A Neural Framework for MT Evaluation
https://unbabel.github.io/COMET/html/index.html
Apache License 2.0
493 stars 76 forks source link

Training data and scripts used for wmt22-cometkiwi-da #217

Open rohitk-cognizant opened 5 months ago

rohitk-cognizant commented 5 months ago

Hi Team,

Can you share the training data and training scripts used for wmt22-cometkiwi-da. We want it reference for training with our own sample reference data.

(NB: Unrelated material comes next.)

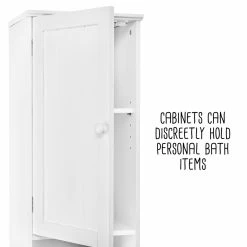 Coupon π Honey Can Do White Bathroom Storage Cabinet π 20 Coupon π Honey Can Do White Bathroom Storage Cabinet π -Honey Can Do Sales Store D613900S 9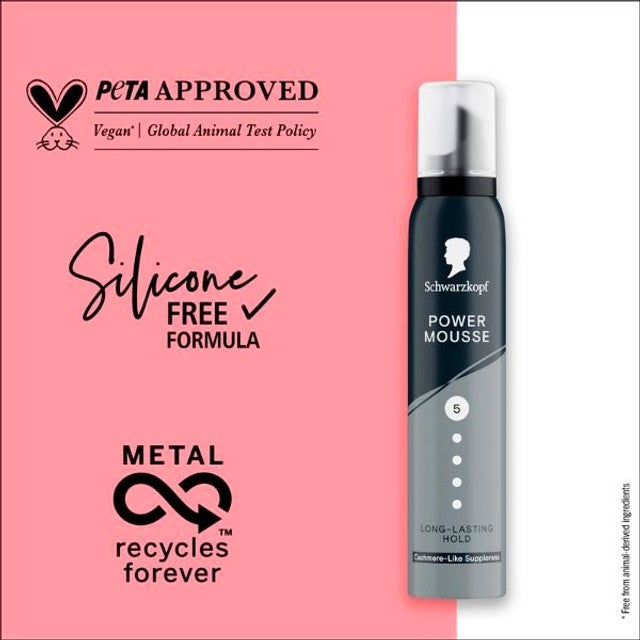 Schwarzkopf Power Mousse hair mousse 200ml (British brand)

ricardorei commented 5 months ago

Hi @rohitk-cognizant,

To train wmt22-cometkiwi-da you just have to run:

comet-train --cfg configs/models/{your_model_config}.yaml

Your configs should be something like this:

unified_metric:
  class_path: comet.models.UnifiedMetric
  init_args:
    nr_frozen_epochs: 0.3
    keep_embeddings_frozen: True
    optimizer: AdamW
    encoder_learning_rate: 1.0e-06
    learning_rate: 1.5e-05
    layerwise_decay: 0.95
    encoder_model: XLM-RoBERTa
    pretrained_model: microsoft/infoxlm-large
    sent_layer: mix
    layer_transformation: sparsemax
    word_layer: 24
    loss: mse
    dropout: 0.1
    batch_size: 16
    train_data: 
      - TRAIN_DATA.csv
    validation_data: 
      - VALIDATION_DATA.csv
    hidden_sizes:
      - 3072
      - 1024
    activations: Tanh
    input_segments:
      - mt
      - src
    word_level_training: False

trainer: ../trainer.yaml
early_stopping: ../early_stopping.yaml
model_checkpoint: ../model_checkpoint.yaml
rohitk-cognizant commented 5 months ago

Hi @ricardorei ,

Thanks for the update. Can I use the same training parameters mentioned in master branch trainer.yaml file?

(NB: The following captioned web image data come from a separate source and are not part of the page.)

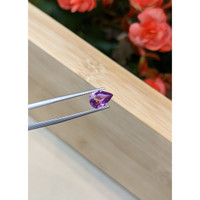1.58 Ct. Purple Sapphire from Ceylon (Sri Lanka) Life Style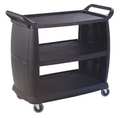 Zoro Select Large Bussing and Transport Cart, Black CC224303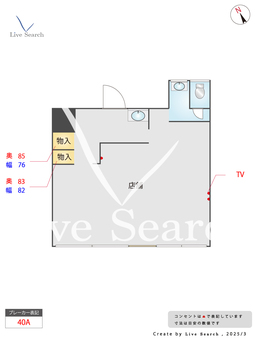 加来アパート 1B 【福岡県室見駅】 の間取り図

ricardorei commented 5 months ago

Hmm maybe you should change them a bit. For example to train on a single GPU (which is usually faster) and with precision 16 use this:

  accelerator: gpu
  devices: 1
  # strategy: ddp # Comment this line for distributed training
  precision: 16

You might also want to consider reducing the accumulate_grad_batches to 2 instead of 8

  accumulate_grad_batches: 2
satya77 commented 1 month ago

What is the format that the data should look like?